In The Complacent Class Tyler Cowen writes about the ways in which our society is becoming more segregated through the use of voting with our feet. Across the country we see people move into “nicer” neighborhoods which creates a level of economic, racial, and political segregation that should raise moral concerns. About the issue Cowen writes, “The self-selection process is running its course, and how people are voting with their feet often differs from which is coming out of their mouths.”
Many people who believe that schools and communities should be more diverse are moving to areas with less diversity. They are not consciously choosing to live in more segregated areas, but they are voting with their feet to leave areas of worse economic condition but greater diversity in favor of more economically sound and culturally homogeneous regions. Sometimes the goal is to move into a more wealthy neighborhood, sometimes the goal is to move to reduce a work commute, and sometimes the goal is to move to be closer to a better school. Often the results are neighborhoods with more similar people in terms of race, income/wealth, and cultural values and backgrounds, ultimately, more segregation.
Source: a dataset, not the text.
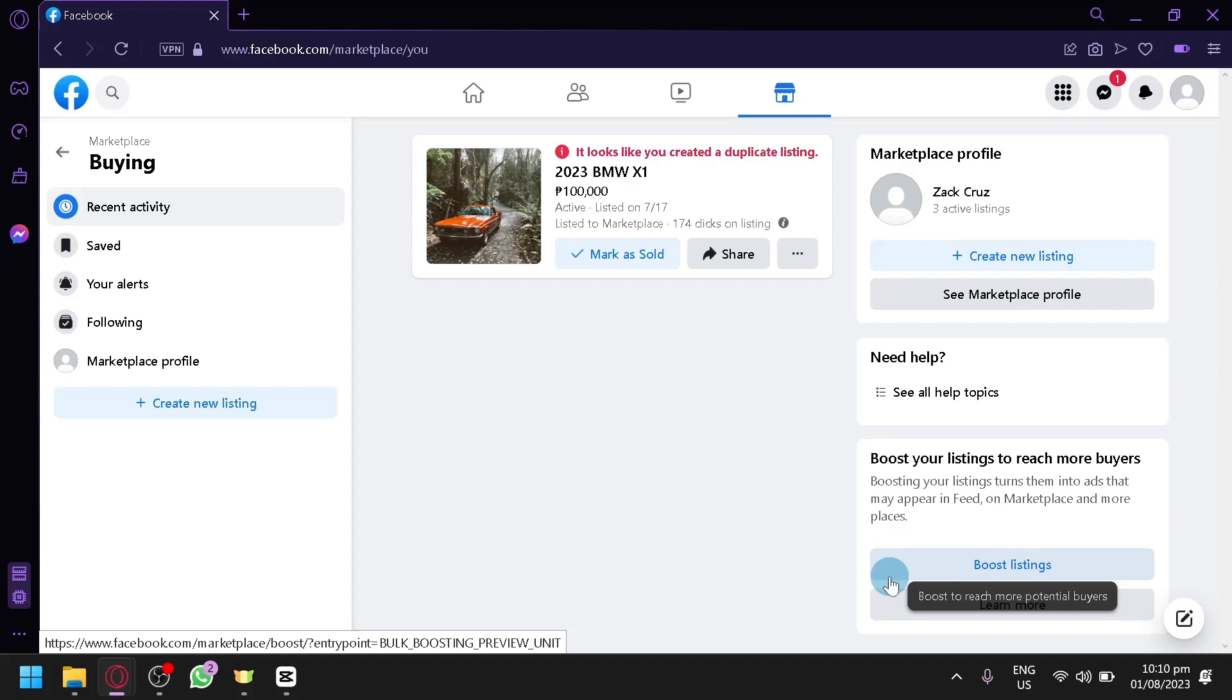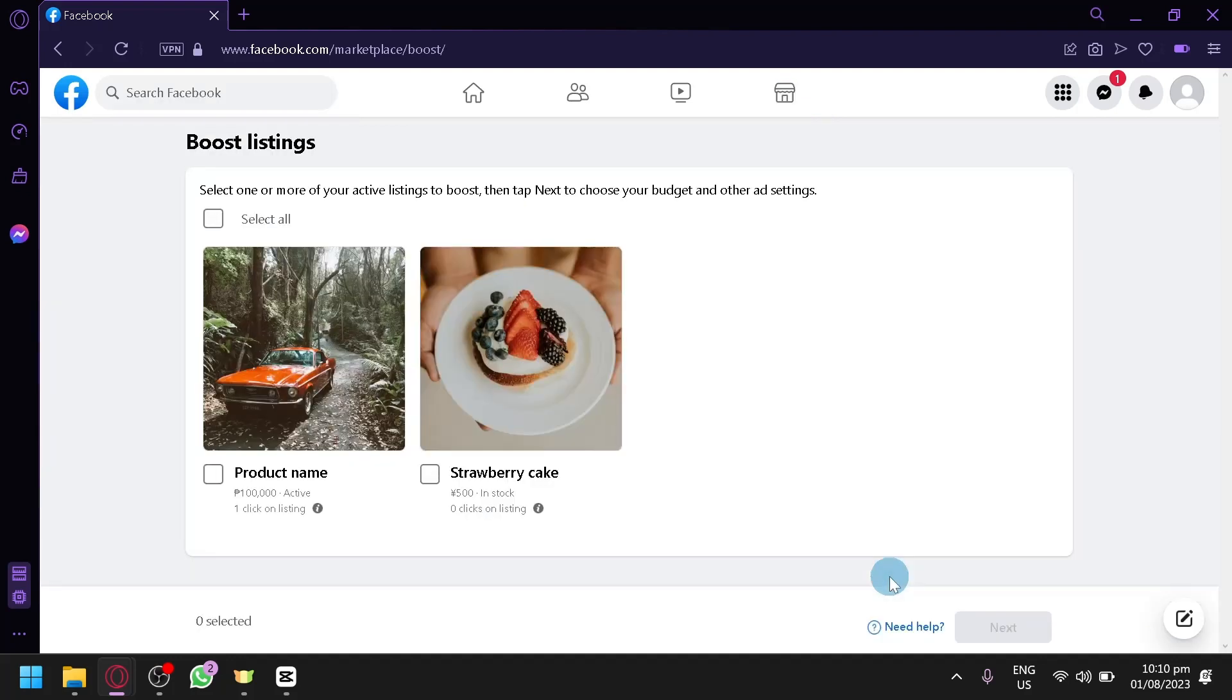So you're simply going to click this, and then you will have the option to select a specific item or the specific product that you would like to boost. So for example, I would like to boost this strawberry cake over here.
This process is playing out because we empower the individual in our society and don’t want to do anything to limit the power of the individual’s choice. Segregation is a result of the power to vote with our feet, but it is also the dismantlement of the myth of the individual. The rational individual is not making individual choices that make the world a better place. Instead, the individual is working on feelings that lead to a desire for greater similarity between themselves and their neighbors, ultimately creating a worsening system of segregation. We should learn from this example that our individual choices are both not sufficient to bring about the best outcomes for our society and planet, and that simultaneously our individual choices can have a serious negative outcomes when left unchecked. We must think first about the systems that structure our decisions, and then think about how we can make the most of our choices for positive, rather than negative outcomes.